Mantener mi fidelidad durante tantos años me ofrecía su recompensa. Me sentía cómodo allí. Era como viajar en el tiempo hasta mi infancia. Nos entendíamos. Y hablaban mi mismo idioma.

Tu llegabas, te asomabas, dabas unos afables «buenos días» y el peluquero te contestaba amablemente algo que sonaba como «XbfkKl&5%@«. Siempre pensé que era su forma de saludar, pero lo cierto es que tal y como sonaba, bien podrían haber sido los primeros versos de una canción de Serrat, tan en boga en estos tiempos inciertos.

A partir de aquí, se iniciaba siempre el mismo diálogo mordaz y dicharachero, plagado de sabiduría popular:

  • ¿Cuántos? – preguntaba yo.
  • Pschee – me contestaba agitando la mano.
  • ¿Media hora? – insistía, en busca de algún dato que iluminara mis expectativas.
  • Bueeh… – me respondía, chispeante como él solo.
  • Vale.
  • ¿Y?
  • ¿Y qué?
  • ¿Vuelves? – pronunciese con voz profunda y cavernosa, de esas de mucha noche y poco recogimiento.
  • Vuelvo.
  • XbfkKl&5%@ – repetía el fígaro del barrio, desafiante, a modo de definitiva despedida.

Y llegabas media hora después y seguían estando los mismos parroquianos, aguardando pacientemente su turno.

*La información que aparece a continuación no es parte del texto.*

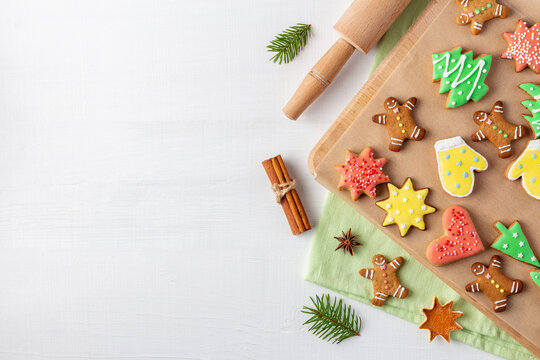 Christmas cookies with icing on cutting board near rolling pin on white wooden background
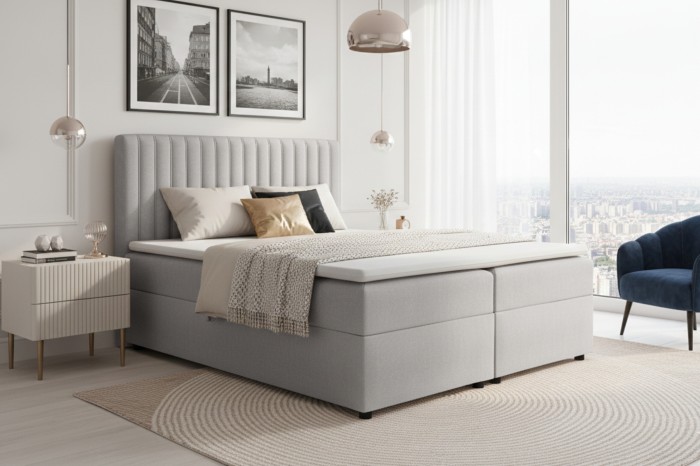 Modernes hellgraues Boxspringbett in einem stilvollen Schlafzimmer mit Stadtblick.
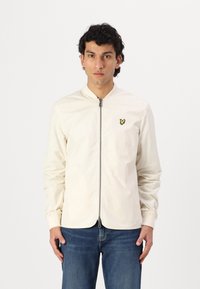 Lette cremejakke med stående krave, frontlynlås, ribbede manchetter og et lille gult logo på venstre bryst. Båret med blå jeans.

Así que te se sentabas y ojeabas algún Interviú antiguo dedicado a la mayoría de edad de Sarita Montiel, al que ya le tomabas cariño, después de pasar cuarenta años en el revistero. En caso de estar ocupado – casi siempre -, podías optar por indagar en las últimas novedades revolucionarias de la casa Derbi para la temporada 1973-74. Siempre me gustó la arqueología periodística.

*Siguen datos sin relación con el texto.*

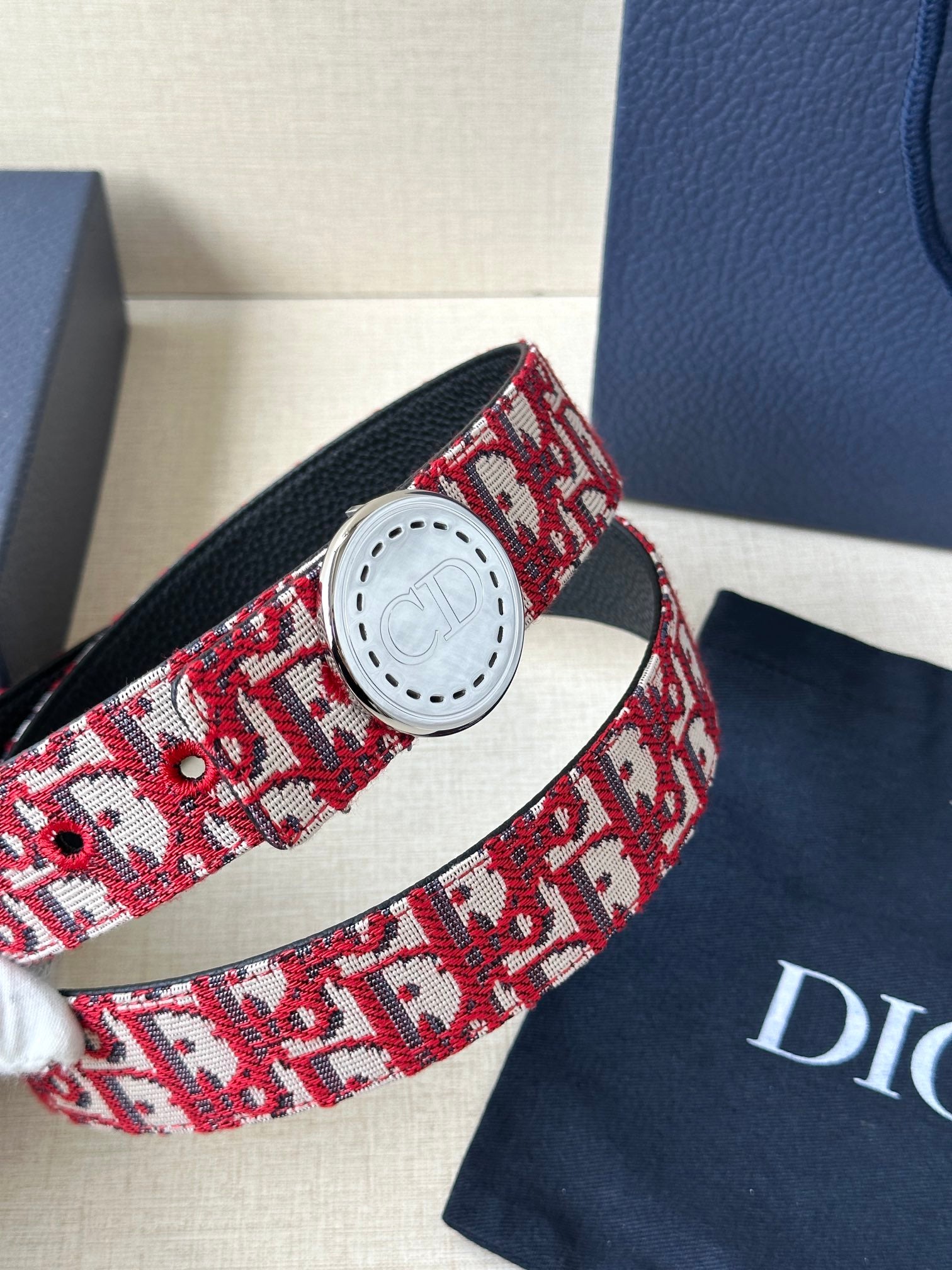 Dior belt close-up: red-and-white monogram strap with white circular buckle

Si aún así te sobraba tiempo de espera, como no era extraño que sucediera – generalmente, cuando iba a mi peluquería tenía por costumbre despedirme de mi familia hasta el día siguiente-, podías leer la etiqueta del frasco de masaje Lloyd’s, amaestrar las pulgas del sillón o auto-hiptonizarte mirando girar al citado cilindro tricolor.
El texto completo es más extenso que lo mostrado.